2. Area Formula Using Base and Height
The most commonly used formula for the area of a triangle is:
\( A = \dfrac{1}{2} \times b \times h \)
where:
- \(b\) = base of the triangle
- \(h\) = height drawn perpendicular to the base
2.1. Working of the Formula
A triangle is exactly half of a parallelogram with the same base and height. Since the area of a parallelogram is \( b \times h \), half of it gives the triangle’s area:
\( A = \dfrac{1}{2} b h \)
2.2. Example 1
A triangle has base \(b = 12\,\text{cm}\) and height \(h = 5\,\text{cm}\). Its area is:
\( A = \dfrac{1}{2} \times 12 \times 5 = 30\,\text{cm}^2 \)
3. Area of a Triangle Using Heron's Formula
Sometimes the base or height is not given directly. In such cases, if we know the lengths of all three sides, we use Heron's formula to find the area.
3.1. Heron's Formula
If the sides of a triangle are \(a\), \(b\), and \(c\), then first compute the semi-perimeter:
\( s = \dfrac{a + b + c}{2} \)
Then the area is given by:
\( A = \sqrt{s(s - a)(s - b)(s - c)} \)
3.2. Why It Works (Simple Idea)
Heron's formula allows us to find the area of a triangle without needing height. It uses side lengths to determine how much space the triangle encloses. The product inside the square root ensures the formula only works when the three sides can form a valid triangle.
3.3. Example 2
A triangle has side lengths \(a = 7\,\text{cm}\), \(b = 8\,\text{cm}\), and \(c = 9\,\text{cm}\).
Step 1: Find the semi-perimeter:
\( s = \dfrac{7 + 8 + 9}{2} = 12 \)
Step 2: Apply Heron's formula:
\( A = \sqrt{12(12-7)(12-8)(12-9)} = \sqrt{12 \times 5 \times 4 \times 3} = \sqrt{720} = 12\sqrt{5} \)

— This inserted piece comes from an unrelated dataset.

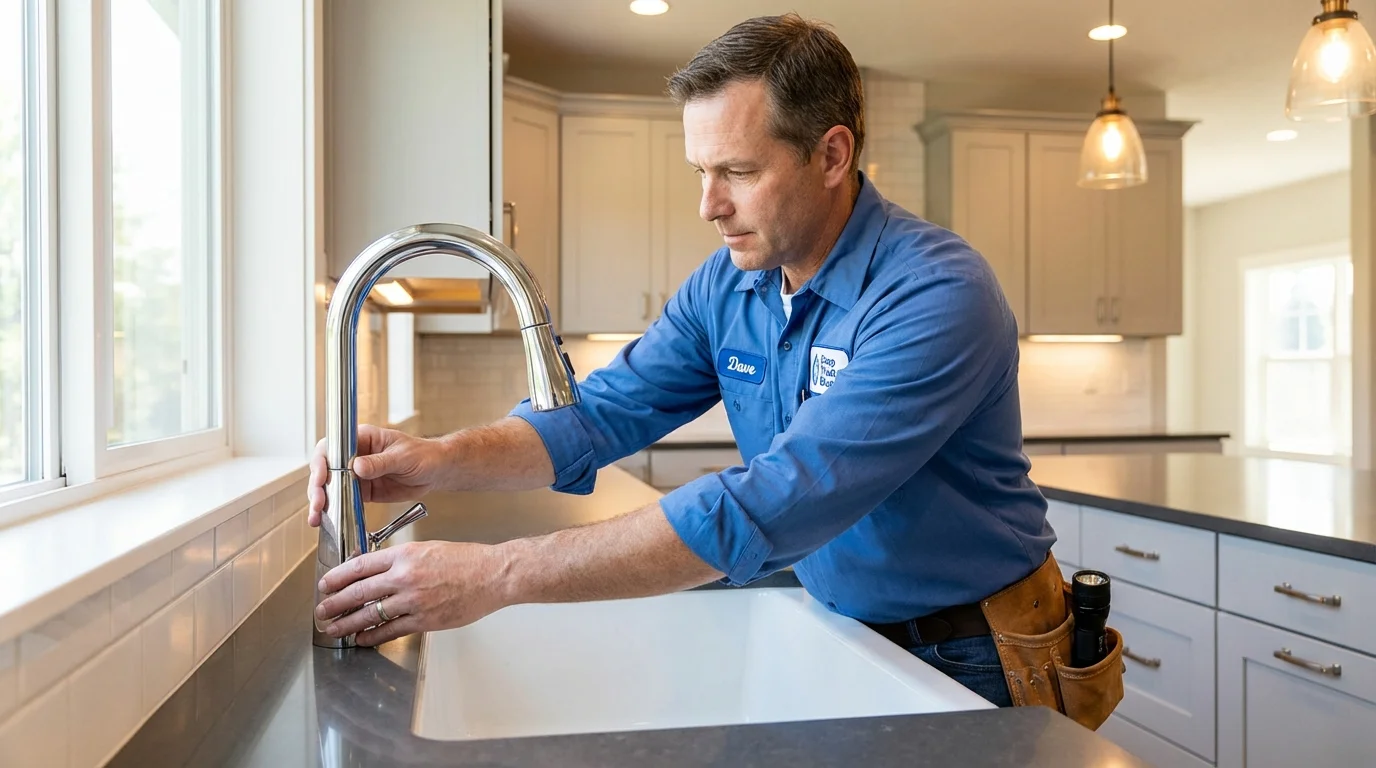Kitchen faucet installation by Johns Plumbing LLC in Youngstown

4. Area Formula for Special Triangles
Some triangles have special properties that simplify the area calculation.
4.1. Equilateral Triangle
For an equilateral triangle of side \(a\):
\( A = \dfrac{\sqrt{3}}{4} a^2 \)
4.2. Example 3
If \(a = 6\,\text{cm}\), then:
\( A = \dfrac{\sqrt{3}}{4} \times 36 = 9\sqrt{3} \)